Perkawinan
Usia Muda
Oleh: M.
Quraish Shihab
Beberapa minggu lalu saya mendapat
kehormatan hadir di Mahkamah Konstitusi sebagai saksi ahli yang diharapkan
menyampaikan pandangan Islam tentang perkawinan usia muda.
Di sana
antara lain saya kemukakan bahwa: al-Qur’an dan Sunnah Nabi saw. tidak
menetapkan usia tertentu untuk perkawinan. Ini karena pada dasarnya, al-Qur’an
tidak merinci persoalan-persoalan yang dapat mengalami perubahan akibat
perkembangan masa atau perbedaan situasi dan pelaku. Yang dirincinya adalah
hal-hal yang dibutuhkan manusia, tetapi tidak dapat terjangkau oleh nalarnya,
seperti persoalan-persoalan metafisika.
Dalam
konteks perkawinan, a-Qur’an dan Sunnah antara lain menetapkan tujuan
perkawinan. Suami istri, menurut al-Qur’an, hendaknya topang-menopang:
Istri-istri adalah pakaian buat kamu (wahai suami) dan kamu pun pakaian buat
mereka (QS. al-Baqarah [2]: 187 ) dan saling bermusyawarah (QS.

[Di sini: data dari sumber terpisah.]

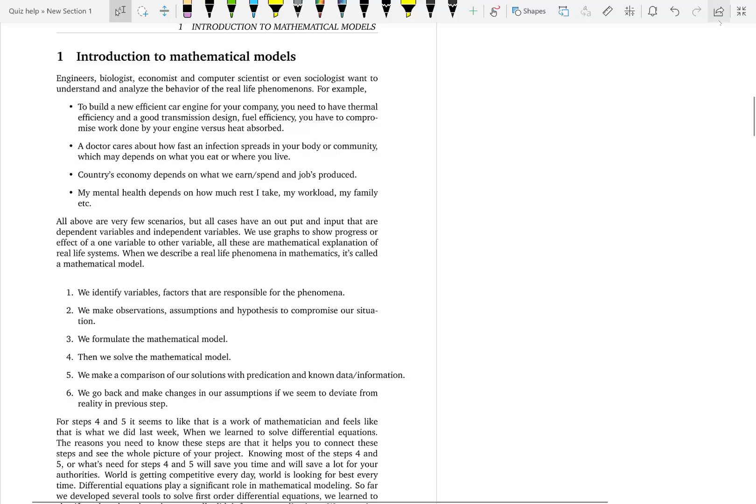Now, how do you build a mathematical model? There are several steps. First, we have to identify the variables — dependent and independent variables. Not only variables, but there could also be some factors affecting the real life phenomena. Then you make observations, assumptions, and hypotheses.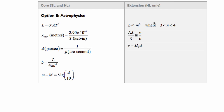If you're a standard level student and you chose option E, astrophysics, I'm going to go over those different equations for you. These are the ones for both standard level and higher level. And if you're higher level, then you also have these extra ones here.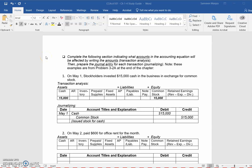Hello, Accounting 101 students. In this video, we're going to go over some of the content in our chapter 1 through 4 study guide, and in particular, we're going to focus on the examples included for chapter 3, which are going to be taken from our textbook, Problem 3.2a at the end of the chapter. All of the information that you need for this part of the study guide is included within the study guide.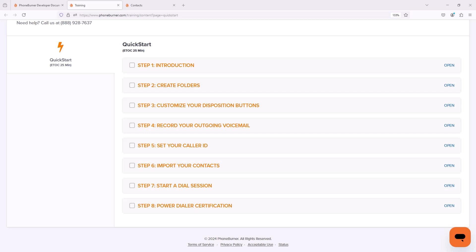It's Jeff Osnes here, your principal evangelist over at PhoneBurner. I'm here to help you on your journey to set up and configure PhoneBurner right.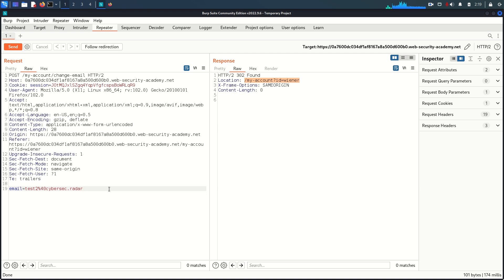The problem here is that SameSite=Lax will only send the session cookie in a cross-site request if two conditions are met. The first condition is the request must use the GET HTTP method - at that point the browser will send the cookie cross-site. The second condition is the request must result from a top-level navigation by the user, meaning the user must click a link. If these two conditions are met the browser sends the cookie cross-site; otherwise it won't, and CSRF will not work.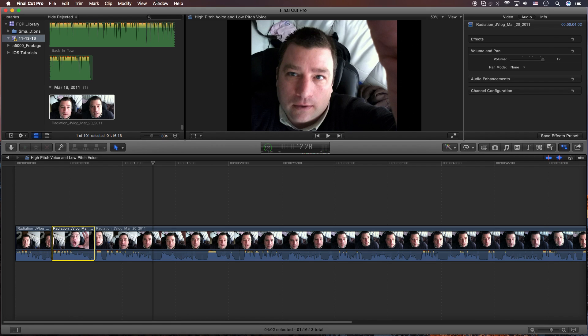Hey, how's it going folks? ET here with a Final Cut Pro X or 10 tutorial. It's very simple, very fast.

ath-Thalaq [65]: 6). Nah, bagaimana itu dapat diwujudkan kalau istri belum
mencapai tingkat mental, emosional, dan spiritual yang dapat mendukung tujuan
tersebut.
Istri
oleh Nabi diserahi tugas pokok, yaitu mengurus rumah tangga. Bahkan boleh jadi
dewasa ini lebih dari itu karena pada hakikatnya fungsi keluarga bukan hanya
reproduksi atau ekonomi, tetapi lebih dari itu, antara lain fungsi sosialisasi
dan pendidikan . Nah, bagaimana mungkin seorang anak berumur enam belas
tahun—yakni belum tamat Sekolah Menengah Atas—dapat melaksanakan fungsi
tersebut kalau dia sendiri belum siap secara fisik, mental, dan spiritual?
Jangankan
perkawinan, menyerahkan harta kepada anak yatim telah mencapai usia dewasa pun
tidak diperkenankan al-Qur’an (QS. an-Nisaa’ [4]: 6)—walau harta itu
adalah miliknya yang berada di tangan wali, kecuali setelah sang wali
mengujinya dan menemukannya telah mencapai apa yang dinamai oleh
al-Qur’an rusyd. Kata ini bukan sekadar berarti kemampuan fisik atau
nalar, tetapi juga kesehatan mental dan spiritual. Memang bisa saja ada seorang
yang telah melampaui usia delapan belas atau bahkan dua puluh tahun tapi ia
dinilai belum dewasa sehingga belum dapat diberi tanggung jawab.
Sekali
lagi, Islam tidak menetapkan batas tertentu bagi usia perkawinan. Itu sebabnya
ditemukan dalam literatur hukum Islam aneka pendapat ulama dan mazhab
menyangkut batas minimal usia calon suami dan istri.
Ketetapan
hukum yang berlaku di negara-negara berpenduduk Muslim pun, menyangkut usia
tersebut, berbeda-beda. Bahkan dalam satu negara, perubahan terjadi akibat perkembangan
masa. Di Aljazair—misalnya—pada mulanya delapan belas tahun bagi pria dan enam
belas tahun bagi wanita, lalu dua puluh satu tahun bagi pria dan delapan belas
tahun bagi wanita, lalu sembilan belas tahun bagi keduanya.
Perbedaaan
dan perubahan itu dapat dibenarkan karena kata ulama: “Kita tidak dapat
serta-merta meniru sepenuhnya ketetapan hukum yang lalu—walau kasusnya
sama—karena ada empat fakor yang harus selalu dipertimbangkan
sebelum menetapkan hukum, yaitu: Masa; Tempat;
Situasi; dan Pelaku.
Yang
menikah dengan wanita di bawah umur atau yang membenarkannya—dengan dalih
bahwa Rasul melakukannya terhadap Aisyah, adalah picik menurut Imam
as-Sayuthi dan jahil menurut mantan Mufti Mesir Syaikh ‘Ali Jumah,
bahkan angkuh karena dia mempersamakan dirinya dengan Rasul
saw.
Memang
tidak semua yang beliau lakukan boleh kita ikuti dan amalkan, apalagi dalam hal
perkawinan. Bahkan di sisi lain, tidak jarang apa yang ditetapkan Rasul saw.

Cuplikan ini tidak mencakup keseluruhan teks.